I didn’t fall in love with Indian food until I moved to the UK twenty-five years ago. Before then, I’d perhaps tried a few Indian food recipes but nothing memorable. As a kid growing up in California I was hooked on Mexican food. I still am.
The thing is, so much of what I like about Indian food was introduced into India by the Europeans. European explorers discovered so many delicious fruits and vegetables during their visits to the New World. Pineapples, chilies, tomatoes, cabbages, pomegranates and avocados were all introduced into Indian cookery quite recently yet they all play a big role in what so many of us love about Indian food.
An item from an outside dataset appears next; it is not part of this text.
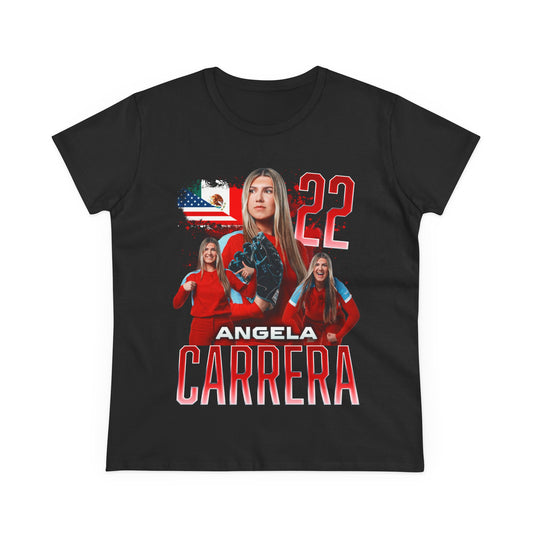 Angela Carrera Women's Tee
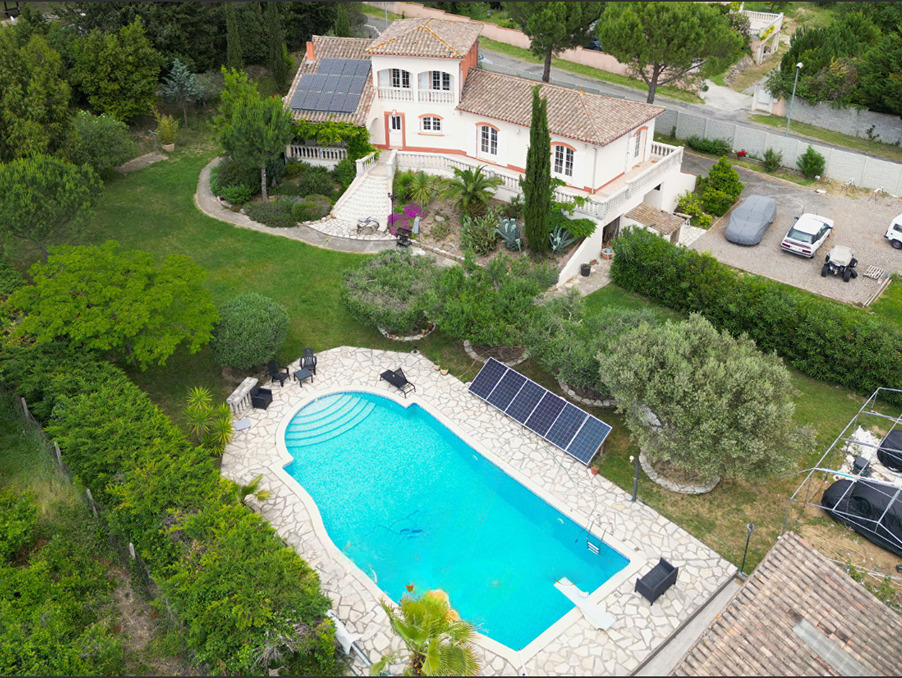 Villa T4 em Carcassonne, France N.º 292563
Why am I explaining all this while detailing my avacado dip recipe?
Well I was recently re-introduced to a great UK based company called The Cool Chili Company. If I told you the amount of times I’ve brought fresh corn tortillas back from my visits home to California, you’d think I seriously had a screw loose! I am corn tortilla mad.
I won’t have to do that again as The Cool Chili Company make their own and they make them to order so the tortillas you purchase are really fresh.
I ordered a few hundred corn tortillas the other day and decided to make some crab tostadas. I’ve been making my recipe for years. In order to serve them to perfection, I had to make a Mexican guacamole and tomato salsa.
This recipe is for an Indian Avacado dip which is very similar to Mexican guacamole. I like the use of low fat yogurt.
You are in for a real treat here!
Once you make the avocado dip, you could serve it with kebabs, naans, pappadams or whatever you fancy. It is great served corn tortillas by the way.
Be sure to give my crab tostada recipe a try. It may not be Indian food but you could make the same recipe with Indian chapattis instead of the corn tortillas for an equally delicious meal. This avocado raita goes so well with it.
If you enjoy this recipe try my other chutneys and raitas for Indian food:
- 2 ripe (soft) avocados
- 1 onion finely chopped
- 2 medium sized tomatoes finely chopped
- 2 - 3 green chilies finely chopped
- 1 teaspoon cumin powder
- 1 small bunch finely chopped fresh coriander
- Juice of lime
- 2 cloves garlic - smashed
- 1 cup fresh, unsweetened yogurt - whisked till smooth
- Salt to taste
- Place all of the ingredients into a pestle and mortar or food processor.
- Blend together until smooth or chunky. I prefer mine a bit chunky though Indian avocado raita is usually quite smooth.